For private building development as a whole, the number of proposals submitted to the Buildings Ordinance Office of the Public Works Department for approval during the year was 1 030 compared with 949 in 1980. Occupation permits issued for completed buildings in 1981 numbered 603, providing a total usable floor area of 3 186 514 square metres, about a 22 per cent increase over the previous year. The total construction cost, excluding the value of the land, amounted to $7,248 million, representing an increase of 55 per cent.

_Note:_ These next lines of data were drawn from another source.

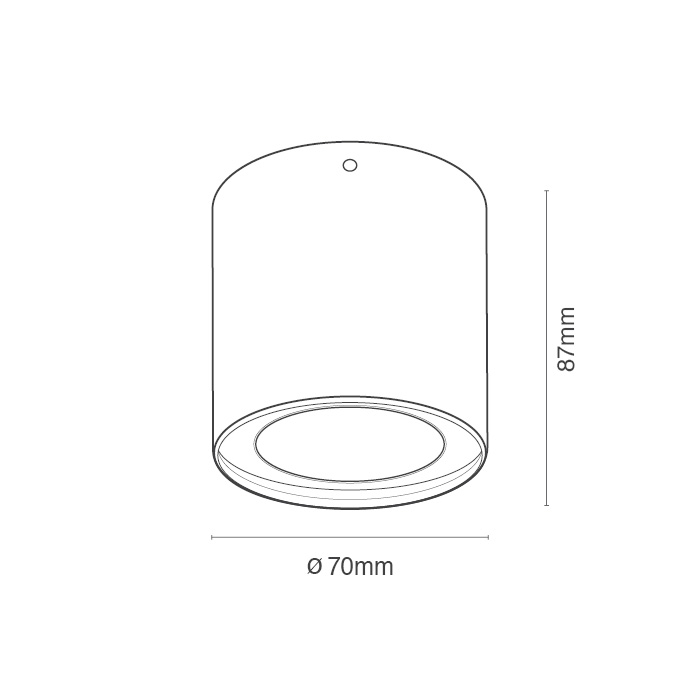 EU - צמוד תקרה ROLL 10W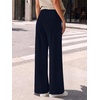 image:imageANRABESS Womens Business Casual Straight Leg Fleece Dress PantsNavy Blue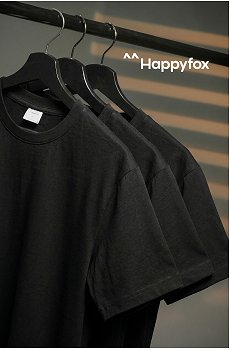 Мужская базовая футболка из хлопка 3 шт. Happyfox
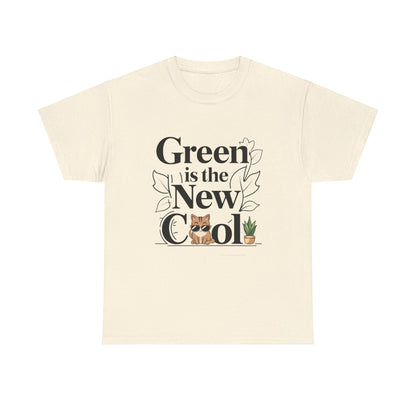 Green Is The New Cool Cotton T-Shirt
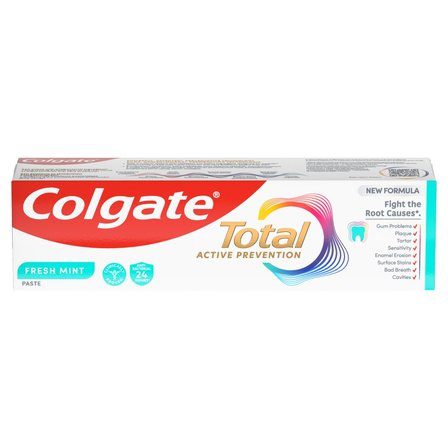 Colgate Colgate Total Fresh Mint Pasta do zębów 75 ml - Drogeria Internetowa DrogeriaCoco.pl — Składniki i ocena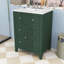 Meuble-lavabo en bois avec lavabo en céramique, 2 tiroirs et tablette réglable-582744257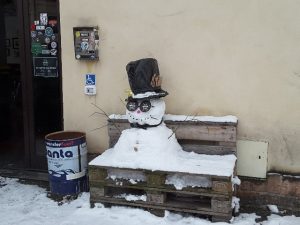 Un pupazzo di neve... comodo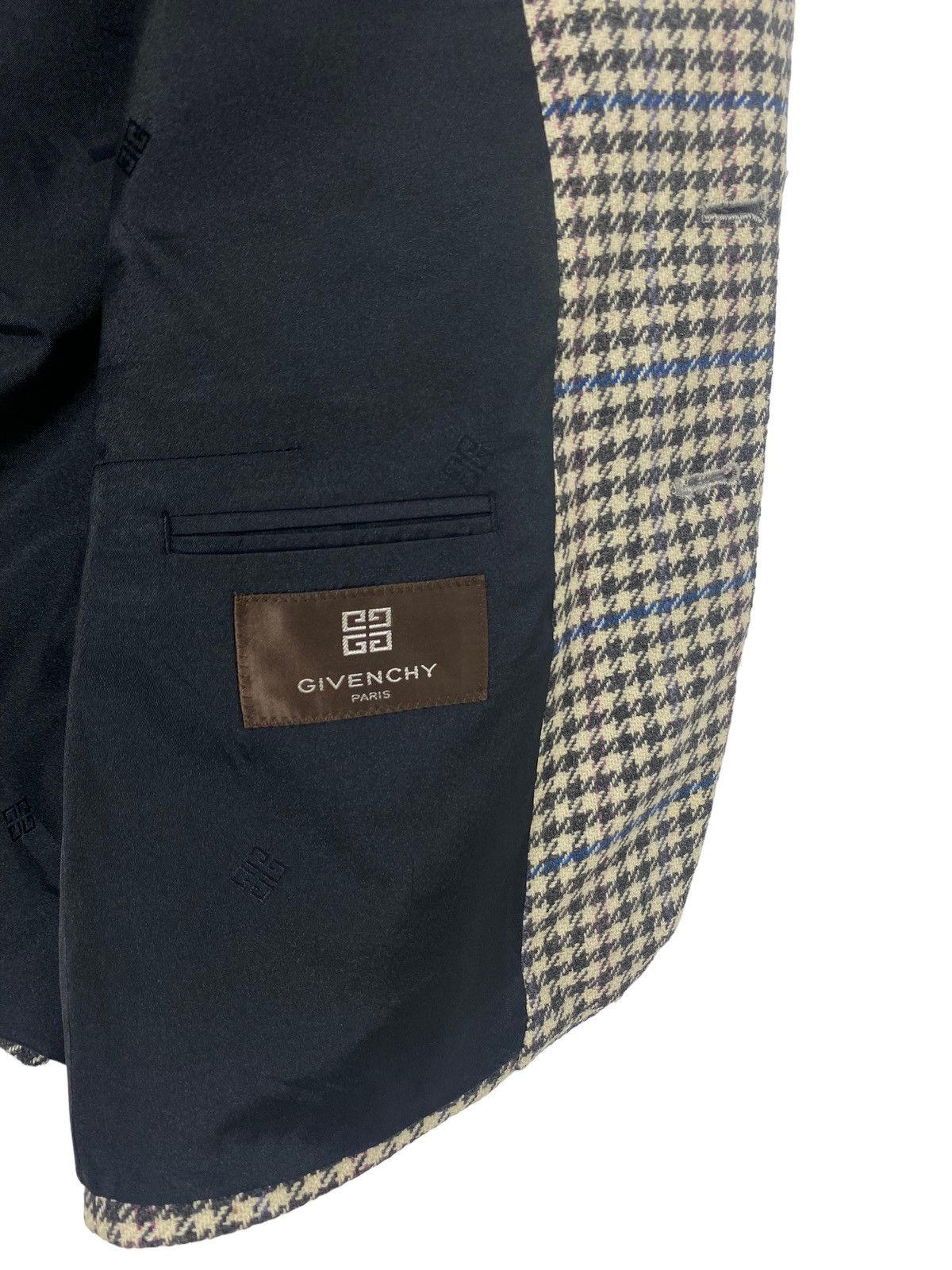 Givenchy Rare‼️ Vintage Givenchy Paris Houndstooth Wool Blazer Size US M / EU 48-50 / 2 - 8 Thumbnail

The completion of the Hopewell Centre, the Sun Hung Kei Centre and the United Centre on Hong Kong Island, together with four hotels in the commercial development of the Tsim Sha Tsui East area, most of them with glass curtain wall facades, has further enhanced the view of Victoria Harbour. In the heart of Central District, the familiar shapes of the Hong Kong Club and the Hongkong and Shanghai Bank disappeared, to be replaced in due course by modern office buildings.
Activity on residential developments remained fairly constant. Sizeable projects under construction included the Provident Centre at Wharf Road, which will provide 3 500 domestic units when completed; two marina residential projects in Shum Wan and Sai Kung; a 47-tower block project of domestic flats with commercial complex in Sha Tin; Mayfair Garden on Tsing Yi Island and a 5 000-house project known as Fairview Park near Mai Po.
Industrial building consisted notably of shipyards under construction and completed on Tsing Yi Island. One of these has already received orders to build oil rigs for exploration in the South China Sea. There was also the Tai Po Industrial Estate, at various stages of realisation, the Castle Peak power station, and the cement plants at Castle Peak and Hung Hom.
The construction of the island line of the Mass Transit Railway gave rise to more than a dozen property developments associated with the Mass Transit Railway Corporation. The largest and perhaps most interesting was opposite Taikoo Shing, where a rocky hill over 100 metres high will be removed to provide room for a population of 30 000 with infrastructure and facilities sufficient to serve a satellite town.
To meet present-day requirements, a number of provisions in the Buildings Ordinance and Building Regulations were changed during the year. Among the more important amendments enacted were those designed to improve control over site formation works and to require a geotechnical assessment at building planning stage. Project engineers and architects have become more aware of the role which geotechnical engineering plays in contributing to the safety of building development.